Networks Week 13

Comp 343/443

Fall 2011, LT 412, Tuesday 4:15-6:45
Week 13, Dec 6

Read:

    Ch 3, sections 1, 2, 3
    Ch 5, sections 1 (UDP) and 2 (TCP)
    Ch 6, sections

Previously:

TCP Tahoe & Fast Retransmit, SlowStart, CongestionAvoidance, ssthresh
TCP Reno & Fast Recovery
TCP fairness

TCP loss rate, p, versus cwin

Let p be the loss rate, in packets, eg p = 0.001 means one packet in 1000 is lost. Then, for some constant k (in the range 1.2 to 1.5), we have

        cwnd = k/sqrt(p)

and so

        bandwidth = cwnd/RTT = k/RTT*sqrt(p)

This relationship comes from the fact that cwnd reaches an equilibrium based on how often we have cwnd=cwnd/2 events counterbalancing cwnd+=1 events, and the former rate is the probability of loss in a windowful which is directly related to the packet-loss rate p.

Explanation in terms of TCP sawtooth

Let us assume we lose a packet at regular intervals, eg after every N windowfuls, and that cwnd varies from M at the start of each window to 2*M at the end (thus reverting to M when we set cwnd = cwnd/2).
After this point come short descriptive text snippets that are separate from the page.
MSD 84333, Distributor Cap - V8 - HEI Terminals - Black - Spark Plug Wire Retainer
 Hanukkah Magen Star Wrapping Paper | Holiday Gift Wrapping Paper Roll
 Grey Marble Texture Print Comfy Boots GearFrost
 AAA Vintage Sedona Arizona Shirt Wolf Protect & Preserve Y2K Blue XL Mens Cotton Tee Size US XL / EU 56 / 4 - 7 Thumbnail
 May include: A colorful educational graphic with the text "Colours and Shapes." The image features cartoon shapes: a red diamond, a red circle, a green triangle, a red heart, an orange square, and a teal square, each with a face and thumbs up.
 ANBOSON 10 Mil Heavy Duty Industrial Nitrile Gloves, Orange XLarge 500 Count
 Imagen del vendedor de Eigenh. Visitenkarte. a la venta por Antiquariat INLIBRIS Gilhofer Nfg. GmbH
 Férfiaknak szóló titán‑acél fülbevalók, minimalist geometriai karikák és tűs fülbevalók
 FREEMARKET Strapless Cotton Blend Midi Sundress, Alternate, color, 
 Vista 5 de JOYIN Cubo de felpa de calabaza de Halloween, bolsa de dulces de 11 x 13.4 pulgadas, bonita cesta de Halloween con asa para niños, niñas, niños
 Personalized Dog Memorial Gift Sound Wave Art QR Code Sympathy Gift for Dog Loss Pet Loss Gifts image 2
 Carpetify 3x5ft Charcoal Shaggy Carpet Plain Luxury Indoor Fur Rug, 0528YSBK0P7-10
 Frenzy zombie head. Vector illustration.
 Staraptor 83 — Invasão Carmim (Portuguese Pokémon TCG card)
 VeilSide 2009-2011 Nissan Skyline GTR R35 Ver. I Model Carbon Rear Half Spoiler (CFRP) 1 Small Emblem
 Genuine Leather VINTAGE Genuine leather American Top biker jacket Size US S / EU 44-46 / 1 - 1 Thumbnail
Then, in N windowfuls, cwnd was incremented N times, and so M+N = 2M and so M=N.

This means we sent N + (N+1) + (N+2) + ... + 2N packets before a loss. This number is about 3/2N². The loss rate is thus p = 1/(3/2)N², and solving for N we get N = (2/3)^0.5 * 1/sqrt(p). The average cwnd is 3/2N, so cwnd_average = 3/2*(2/3)^0.5 / sqrt(p) ≃ 1.225 / sqrt(p). More commonly in the literature we are interested in the maximum cwnd; applying the same technique gives cwnd_max = 2*(2/3)^0.5 / sqrt(p) ≃ 1.633 / sqrt(p).

High-bandwidth TCP

consequence for high bandwidth: the cwnd needed implies a very small p; unrealistically small!
Random losses (not due to congestion) keep window significantly smaller than it should be.

TCP Throughput (Mbps)	RTTs between losses	cwnd	P (loss probability)
1	5.5	8.3	0.02
10	55	83	0.0002
100	555	833	0.000002
1000	5555	8333	0.00000002
10,000	55555	83333	0.0000000002

Table 1: RTTs Between Congestion Events for Standard TCP, for 1500-Byte Packets and a Round-Trip Time of 0.1 Seconds.

Packet Drop Rate P	cwnd	RTTs between losses
10^-2	12	8
10^-3	38	25
10^-4	120	80
10^-5	379	252
10^-6	1200	800
10^-7	3795	2530
10^-8	12000	8000
10^-9	37948	25298
10^-10	120,000	80000

Table 2: TCP window size in terms of drop rate

The above two tables indicate that large window sizes require extremely small drop rates. This is the highspeed-TCP problem: how do we maintain a large window? The issue is that non-congestive (random) packet losses bring the window size down, far below where it could be.

One proposed fix: HighSpeed-TCP: for each no-loss RTT, allow an inflation of cwnd by more than 1, at least for large cwnd. If the increment is N = N(cwnd), this is equivalent to having N parallel TCP connections.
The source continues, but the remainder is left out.